Now I don’t get upset at a screaming child if the reason they are screaming is legitimate. If they are just spoiled and not getting their own way, I’m upset at the parents. Your child must learn that he/she cannot always get their own way, and being on a plane does present some challenges for the active child. They can’t just get up when they want.

However, most of the time you hear a screaming child on an airplane is because it is hurting their ears and/or sinuses. While an older child and adult understand a bit more as to what is happening, and won’t scream, a young child or baby just knows it hurts. What do you do?

The first time we flew with a young child was when our oldest was two years old. At one time we¬†flew with three young children (age 5, 3, and almost 2 – that’s a story in itself). Another time we flew with a three-month-old baby.

Before we got on the plane, I talked with the pediatrician. If anyone could help, it would be him. The best thing to do is to distract them as you take off. Give them something to eat, like a piece of candy that will make them swallow a lot. For example, for a child old enough, a piece of hard candy. If they are younger, give them a snack, preferably something that will make them have to swallow a lot. For a baby, nurse them or give them a bottle. It does help. The continual swallowing can help reduce the pressure.

My husband, who typically has a problem with sinus pressure when flying, uses Hall’s cough drops. If your child is of the age where they can have one of them, that is even better. The menthol and eucalyptus really do help. Smelling peppermint oil could also help.
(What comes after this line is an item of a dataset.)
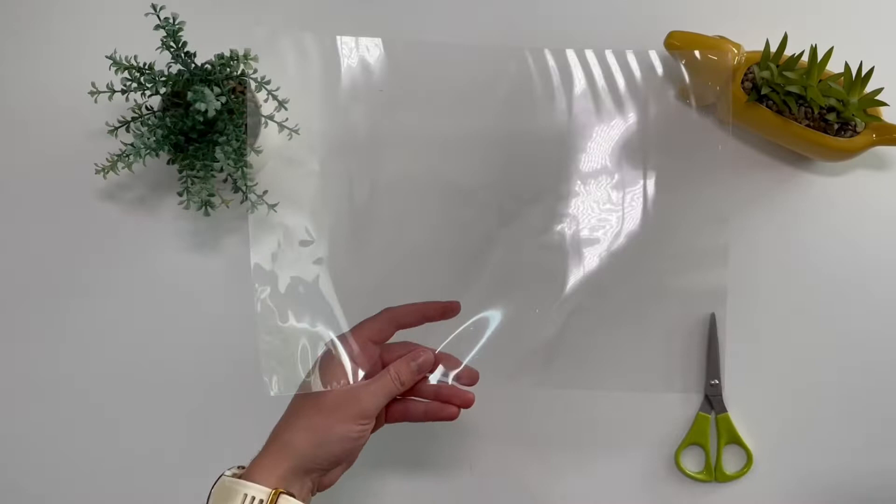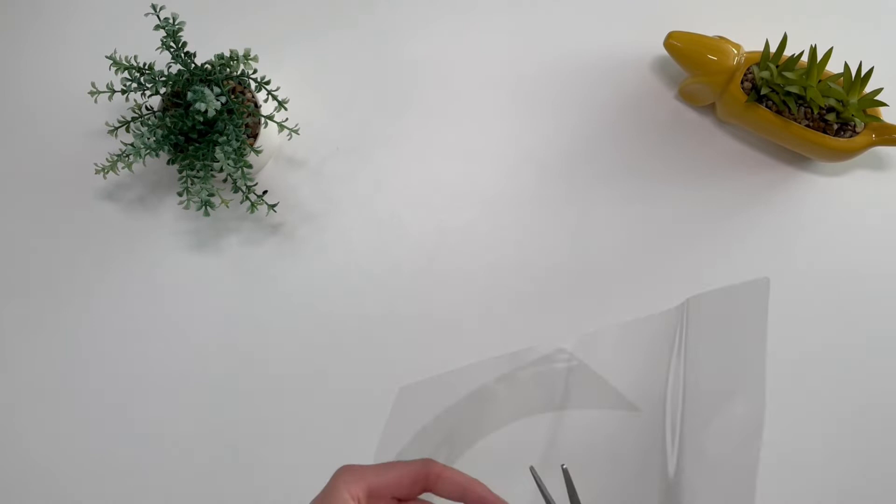Put a laminating pouch through the laminator and then leave it to cool. Then cut out two wings from the laminate sheet.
Our pediatrician gave us some additional advice on a type of nose drop to use right before taking off. Do NOT use these unless you get an ok from your doctor. Not all children should use them. I didn’t tell you what kind to use, because I want to be sure you don’t do it if you shouldn’t use them on your child. Ask your pediatrician, they’ll know.

We also made sure our children had some activities to do while on the flight. You don’t want your child running around the aisles. They will just be in the way of other passengers (and the flight attendants, too). That is just being inconsiderate. If they need to get up and walk, then you should walk with them to be sure they behave.

If you prepare your children ahead of time, teaching them how to behave and how to sit for an extended period of time, it will go much easier for you and the other passengers. I told my children what to expect (well, not the baby), and what we expected of them. While there were varying degrees of understanding, it does help if you start explaining and to explain a number of times before you take off.